Google Gemini has the worst LLM API

Perceived squandered lead and corporate strategy

  • Several comments frame Gemini’s issues as part of a longer Google story: once API‑first and developer‑friendly, then increasingly inward‑facing since the Google+ era.
  • Some see this as driven by bureaucracy, headcount growth, and internal incentives that favor overlapping products over coherent platforms.
  • There’s debate over leadership: some say Google is floundering on innovation and execution; others point to strong financials and leadership in areas like self‑driving/LLMs as sufficient for investors.

Model quality vs developer experience

  • Many agree Gemini 2.5 Pro/Flash are excellent—especially long context, multimodality, and price—and compare favorably with competitors.
  • At the same time, dev experience is widely criticized as confusing, fragile, and overcomplicated relative to OpenAI/Anthropic.

Vertex vs Gemini vs AI Studio vs Firebase Gen AI

  • A major pain point is understanding the relationship between: Vertex AI (enterprise), Gemini API / AI Studio (simpler dev surface), and Firebase Gen AI.
  • Users struggle with two near-duplicate APIs, different auth/billing behavior, and multiple partially overlapping SDKs.
  • Some advise: if you’re not already on GCP, avoid Vertex and just use AI Studio; others use Vertex specifically for compliance and data‑handling guarantees.

Authentication, IAM, and security

  • Opinions diverge: some find GCP auth/IAM “diabolically complex,” especially compared to simple API keys; others say it’s conceptually clean and more secure than AWS once understood.
  • Workload Identity Federation vs JSON key files is debated: one side sees static keys as “good enough,” the other sees them as an avoidable security risk.

Quotas, reliability, and billing

  • Quotas and capacity contention on Gemini are described as a major operational risk; enterprise users mention needing a TAM or Provisioned Throughput, whose entry level is seen as high.
  • New “Dynamic Shared Quota” is cited as progress, but monitoring actual usage vs limits is still awkward.
  • Billing dashboards (Vertex and Gemini) are widely criticized as confusing, delayed, and lacking hard caps/prepaid credit—some users instead route through OpenRouter just to control spend.
  • Reliability of the non‑Vertex Gemini API is questioned (outages, request rejections under load); others say it works fine for them.

SDK fragmentation and documentation

  • Multiple SDKs (vertexai, google.generativeai, google.genai, plus OpenAI‑compat) and overlapping data models cause confusion; even Googlers acknowledge this and say genai is the future.
  • Docs are described as fragmented, inconsistent, light on clear examples, and hard to search; some people resort to reading library source.
  • One commenter notes that Google APIs are internally consistent with published design guidelines, but the learning curve is steep.
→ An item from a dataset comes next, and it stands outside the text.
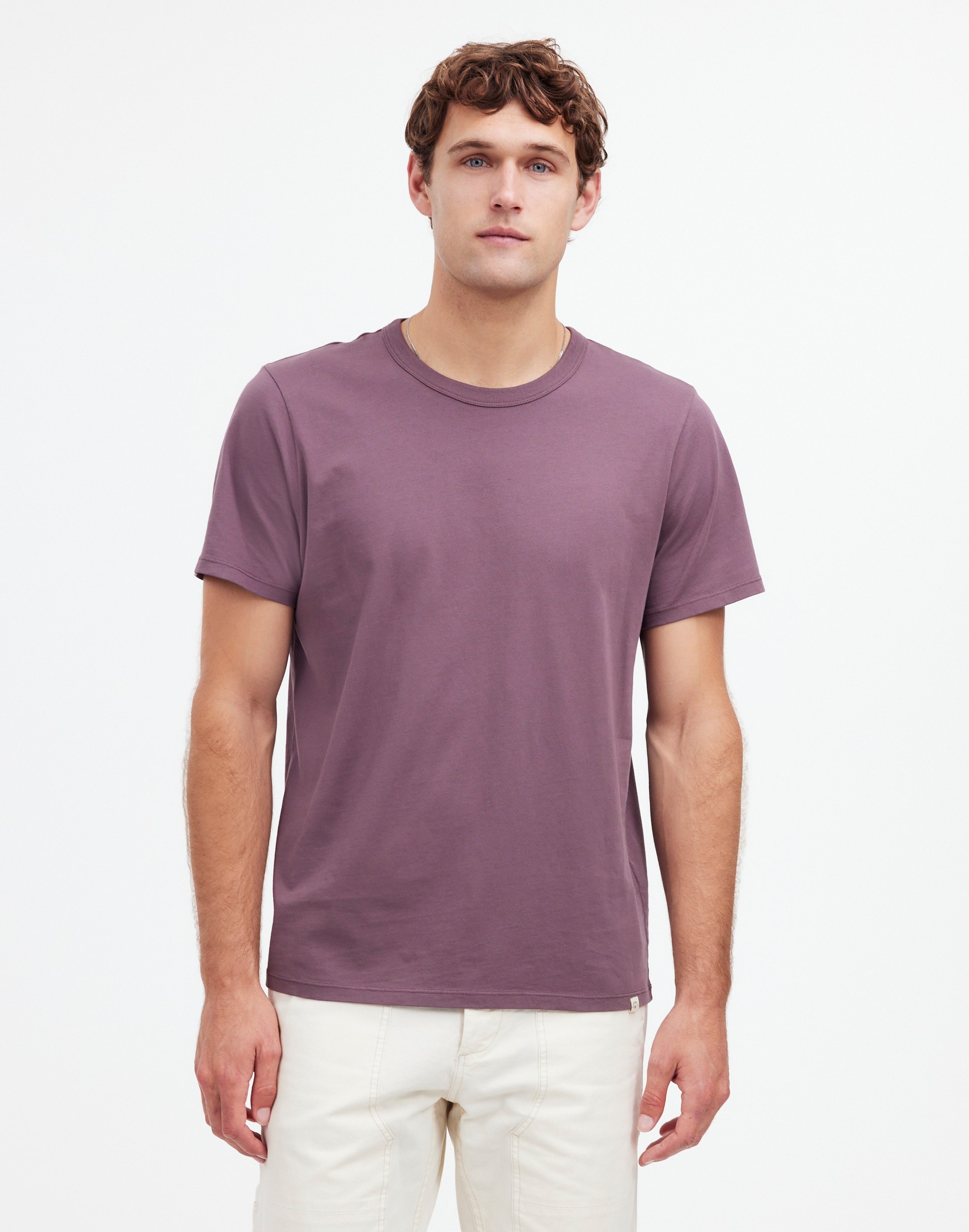 Garment-Dyed Allday Crewneck Tee in chalked fig image 1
OpenAI‑compatible API limitations

  • The OpenAI‑compatible endpoints are helpful for quick trials but are not fully compatible: missing parameters, different behavior for tools/JSON Schema, content moderation that can’t be disabled, and subtle feature lag.
  • Some report that apps “just didn’t work” with the compatibility layer and reverted to raw HTTP or native SDKs.
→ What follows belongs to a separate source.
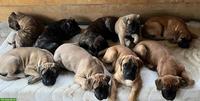 Bullmastiff Welpen suchen 5* Zuhause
Structured outputs and JSON Schema quirks

  • Structured output and tool-calling support is a recurring gripe:
    • Limited or nonstandard JSON Schema support (e.g., refs, unions, additionalProperties) breaks common libraries and polyglot abstractions.
    • Property ordering can affect outputs, and Gemini reorders schema properties alphabetically.
  • A few users work around this by auto‑resolving refs with their own code; others say this is precisely the kind of friction they don’t want.
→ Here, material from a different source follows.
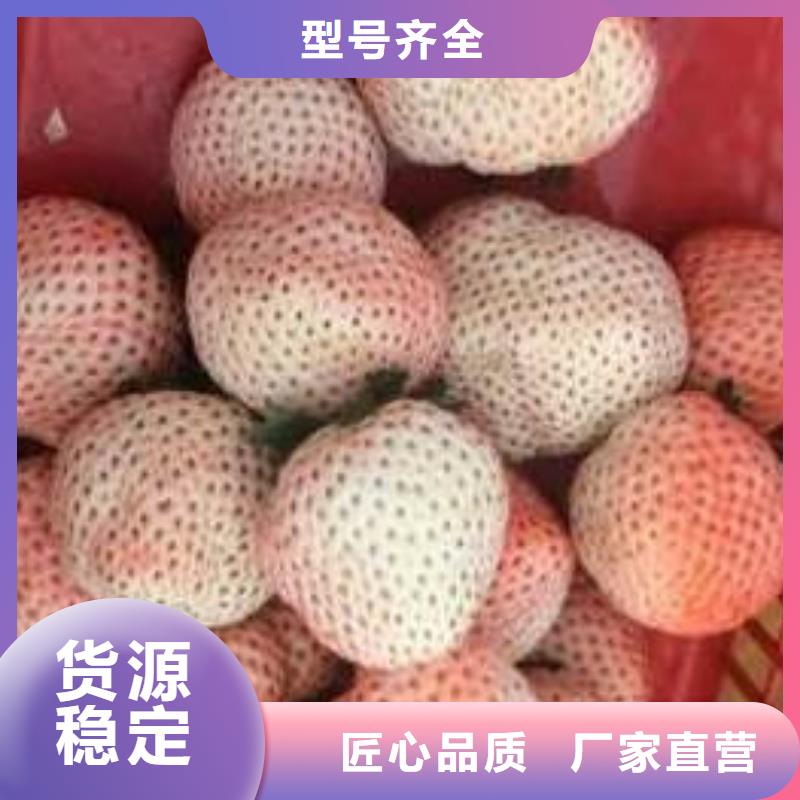 草莓苗 西梅樹(shù)苗生產(chǎn)經(jīng)驗(yàn)豐富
Multimodal and files handling

  • Vertex’s approach to images/files (uploading via file manager or GCS, then referencing IDs) is viewed by some as overengineered, especially in JavaScript where libraries historically assumed local file paths.
  • Others point out you can inline base64/URLs and that newer JS examples do support images, but documentation and samples lag.

Privacy and data use

  • There is confusion and mistrust around when AI Studio traffic is used for training. Some users find the policy self‑contradictory and say it depends on opaque account state (billing vs “trial”).
  • Official responses claim that non‑free‑tier usage is not used for training, but commenters request much clearer and auditable guarantees.

Prefix/prompt caching

  • One group likes Google’s explicit, configurable prefix caching (dedicated endpoint, TTL control) as “serious” for advanced cost/latency tuning.
  • Another prefers OpenAI’s automatic caching, arguing it requires no planning and just saves money under load; they see Gemini’s per‑hour pricing and Anthropic’s explicit breakpoints as harder to reason about.

Community engagement from Google staff

  • Multiple Google PMs/DevRel participate in the thread, acknowledging DevEx problems, clarifying quotas/auth, promising better docs, dashboards, and JSON Schema support.
  • Some participants welcome this direct engagement; others find the tone corporate or belated, but it does surface concrete roadmap hints (unified SDK, express mode with API keys, upcoming billing UX fixes).